Anyway, my first tour provider let me down at the last minute and I'd already booked flights. Another Polish tour provider (step up Waldemar!) didn't have a tour for those dates but happened to be free and we agreed he'd do a one-to-one tour at still a very reasonable price. He's brilliant and I'll be happy to respond to anyone wanting nature tours in that area and give his contact details.

For the birders, well, I added five birds to my life-list, not easy in Europe nowadays - White-backed Woodpecker, Pygmy Owl, Great Snipe, River Warbler, Aquatic Warbler. I did even better with butterflies and dragonflies. Enough of that.

Warsaw was a busy European city. As we drove east things still looked quite familiar. As far east as the River Bug there are still people wearing Nike gear jogging with I-pods.

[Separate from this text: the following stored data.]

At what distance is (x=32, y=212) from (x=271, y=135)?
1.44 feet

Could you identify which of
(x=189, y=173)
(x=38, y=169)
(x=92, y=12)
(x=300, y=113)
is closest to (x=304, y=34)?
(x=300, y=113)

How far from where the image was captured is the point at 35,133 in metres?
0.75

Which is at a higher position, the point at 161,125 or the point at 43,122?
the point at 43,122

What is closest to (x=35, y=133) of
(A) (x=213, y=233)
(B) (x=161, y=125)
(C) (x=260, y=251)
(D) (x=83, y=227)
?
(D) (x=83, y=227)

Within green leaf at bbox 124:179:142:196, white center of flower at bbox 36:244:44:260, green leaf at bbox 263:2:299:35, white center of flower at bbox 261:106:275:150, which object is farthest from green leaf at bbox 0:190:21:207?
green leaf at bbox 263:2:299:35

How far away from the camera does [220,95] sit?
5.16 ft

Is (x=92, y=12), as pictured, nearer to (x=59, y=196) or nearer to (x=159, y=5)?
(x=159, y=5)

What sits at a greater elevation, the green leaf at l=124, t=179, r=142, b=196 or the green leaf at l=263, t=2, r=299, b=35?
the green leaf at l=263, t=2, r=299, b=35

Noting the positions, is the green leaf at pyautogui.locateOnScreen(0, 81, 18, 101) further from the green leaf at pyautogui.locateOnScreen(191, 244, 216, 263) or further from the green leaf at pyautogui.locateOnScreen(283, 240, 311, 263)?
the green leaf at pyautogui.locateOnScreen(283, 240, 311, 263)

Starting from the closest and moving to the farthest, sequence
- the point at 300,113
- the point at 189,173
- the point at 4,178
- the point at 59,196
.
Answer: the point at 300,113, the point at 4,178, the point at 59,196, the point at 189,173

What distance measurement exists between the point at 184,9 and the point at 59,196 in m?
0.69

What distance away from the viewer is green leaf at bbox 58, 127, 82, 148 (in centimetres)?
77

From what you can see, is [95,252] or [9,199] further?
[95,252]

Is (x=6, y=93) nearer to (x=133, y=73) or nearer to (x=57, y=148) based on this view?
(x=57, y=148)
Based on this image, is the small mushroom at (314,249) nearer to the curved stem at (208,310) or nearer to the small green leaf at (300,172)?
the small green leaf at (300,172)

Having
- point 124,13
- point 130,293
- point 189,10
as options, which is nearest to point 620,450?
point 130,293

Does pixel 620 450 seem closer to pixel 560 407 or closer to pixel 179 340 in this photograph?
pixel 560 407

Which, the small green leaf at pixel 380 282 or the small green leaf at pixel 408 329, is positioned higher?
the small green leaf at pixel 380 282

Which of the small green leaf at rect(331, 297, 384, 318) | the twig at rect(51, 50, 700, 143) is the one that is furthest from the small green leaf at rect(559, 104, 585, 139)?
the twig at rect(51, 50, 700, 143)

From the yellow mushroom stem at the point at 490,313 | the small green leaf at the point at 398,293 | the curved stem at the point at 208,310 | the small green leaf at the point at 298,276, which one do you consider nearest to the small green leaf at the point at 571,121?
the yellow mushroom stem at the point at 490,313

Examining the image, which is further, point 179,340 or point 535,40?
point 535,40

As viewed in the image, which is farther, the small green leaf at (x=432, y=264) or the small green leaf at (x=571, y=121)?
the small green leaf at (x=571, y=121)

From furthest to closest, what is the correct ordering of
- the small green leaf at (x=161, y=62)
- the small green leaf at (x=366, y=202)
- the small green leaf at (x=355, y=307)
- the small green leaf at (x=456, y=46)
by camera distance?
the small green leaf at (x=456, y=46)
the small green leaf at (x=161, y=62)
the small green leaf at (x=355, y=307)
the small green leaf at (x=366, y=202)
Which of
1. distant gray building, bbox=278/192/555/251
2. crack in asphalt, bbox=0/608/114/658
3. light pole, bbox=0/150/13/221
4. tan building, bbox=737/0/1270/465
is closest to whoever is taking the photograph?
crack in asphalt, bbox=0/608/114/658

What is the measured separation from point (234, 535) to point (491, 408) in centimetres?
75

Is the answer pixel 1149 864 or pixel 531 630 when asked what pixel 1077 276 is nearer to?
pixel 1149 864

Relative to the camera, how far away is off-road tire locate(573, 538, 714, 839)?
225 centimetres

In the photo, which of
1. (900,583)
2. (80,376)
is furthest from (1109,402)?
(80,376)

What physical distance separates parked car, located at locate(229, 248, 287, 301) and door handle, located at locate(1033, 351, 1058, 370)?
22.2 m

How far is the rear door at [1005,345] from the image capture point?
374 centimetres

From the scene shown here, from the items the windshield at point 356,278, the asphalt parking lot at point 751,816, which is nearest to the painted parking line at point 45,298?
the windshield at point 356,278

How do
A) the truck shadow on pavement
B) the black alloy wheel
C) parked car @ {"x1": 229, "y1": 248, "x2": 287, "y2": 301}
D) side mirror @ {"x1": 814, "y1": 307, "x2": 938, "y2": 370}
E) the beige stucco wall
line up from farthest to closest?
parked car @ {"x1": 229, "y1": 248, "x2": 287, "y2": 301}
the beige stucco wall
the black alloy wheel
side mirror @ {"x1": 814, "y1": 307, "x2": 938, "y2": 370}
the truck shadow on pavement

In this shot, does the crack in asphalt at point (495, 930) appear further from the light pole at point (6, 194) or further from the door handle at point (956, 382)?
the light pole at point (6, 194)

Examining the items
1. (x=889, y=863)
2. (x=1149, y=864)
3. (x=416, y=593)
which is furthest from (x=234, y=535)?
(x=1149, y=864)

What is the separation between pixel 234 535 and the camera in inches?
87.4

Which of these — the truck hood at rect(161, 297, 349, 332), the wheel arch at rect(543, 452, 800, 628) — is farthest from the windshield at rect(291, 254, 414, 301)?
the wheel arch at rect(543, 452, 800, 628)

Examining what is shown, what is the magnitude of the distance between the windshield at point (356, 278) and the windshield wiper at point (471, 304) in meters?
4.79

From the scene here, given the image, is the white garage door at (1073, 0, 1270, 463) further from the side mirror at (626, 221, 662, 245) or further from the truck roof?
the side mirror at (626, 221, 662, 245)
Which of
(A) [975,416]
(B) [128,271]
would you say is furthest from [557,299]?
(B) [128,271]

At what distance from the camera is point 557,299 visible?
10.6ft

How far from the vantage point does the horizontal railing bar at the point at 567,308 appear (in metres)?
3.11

The far north-east was something else - another country, almost another continent, and Waldemar said it seemed like that to him too. As we drove into Bielowieza village along a dusty road, little knots of people turned to look at us. There were old women in head-scarves everywhere. The buildings were nearly all wooden, old and full of character. The churches were very, very different from the modern Catholic churches I'd seen on the way: in fact, most of the people in this area are Orthodox. It was clear that the place was poor, but a decent, resilient poverty, not the poverty of glazed eyes. As for my eyes, I think they must often have been wide. The whole place was so strange to me, and I've been in Africa and the Balkans. But it was fascinating strange, not worrying strange.

The forest was magic - a huge expanse of forest that had been forest since the ice-age receded, with a good variety of trees many of them emerging from, or standing by, shallow water, so to an Englishman it was like thick fen. It would be good just to stand in the forest, not in the silence but the birdsong - though the mosquitoes would be a problem!

When we left, it was for the massive expanse of the Biebrza Marshes, wetland far more expansive than anything else until you're in the former Soviet Union. This was less remote and was dotted with farms and villages, but it was still magic because of the extraordinary numbers, vitality and variety of bird and insect life.

It's a marvellous area and I hope to go back.


  1. Sounds amazing! Similar to parts of Romania that I have seen...I always think the River Bug is a funny name, sounding more like a waterborne disease carrying insect...

  2. Thanks, James. Yes, I imagine parts of Romania would be similar. Coming into the village I was reminded of films of the Wild West, specifically the Mexican farmers riding into the Western town in “The Magnificent Seven” – wooden buildings, dusty street, a man looking round sharply at the sound of horses’ hooves.

    Yes, the name does sound funny to Anglophone ears – and are the locals River Buggers?